I think someone has their numbers screwed up. If the convenience cord could run at 240v it would be 2x as fast as 120V You'd be charging at 2.88kW instead of 1.44kW You could charge over night on it instead of taking 18+hours. I made some progress on this I opened up my convenience cord to see if I could make any sense out of the circuit board. It's way more complex than I expected and I can't tell from looking at it but it appears there are some MOVs on the input that I assume would go boom at higher voltage. I thought about modding it, basically replacing the guts with the open EVSE so I could set it to run at 16A @240 (3.84kW) but the wires in the cord are only 16GA! :shock: Yikes! 16GA is too small for 16A. Hell, 16GA is borderline for the 12A the EVSE is designed for (16GA is rated for max 13A).

spirilis what year and location is your ford EVSE from? I do know some of the non-US ones have been reported as dual voltage.
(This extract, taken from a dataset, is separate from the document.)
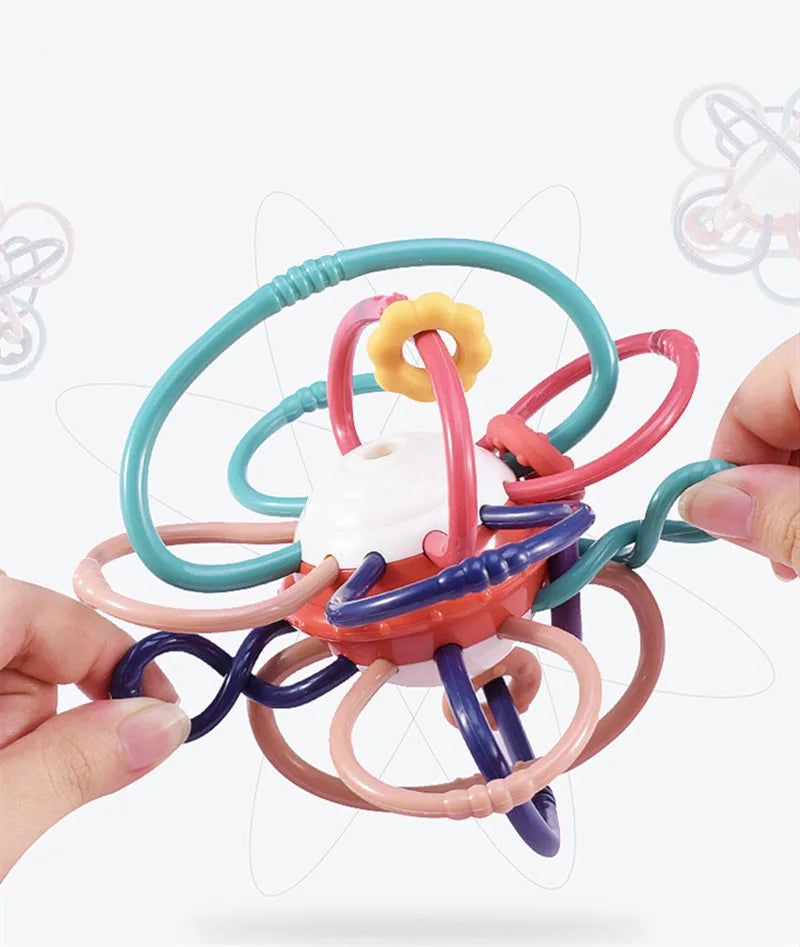 Hochet en caoutchouc souple pour bébé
My 2014 US EVSE doesn't appear to be dual voltage. I even had an EE friend who has experience with power supply design take a quick look and he said he wasn't 100% sure but he didn't think it was dual voltage. If I ever decide I'm willing to rebuild it with an open EVSE then before I buy anything I'll plug my convenience cord into 240 and see if the magic smoke comes out.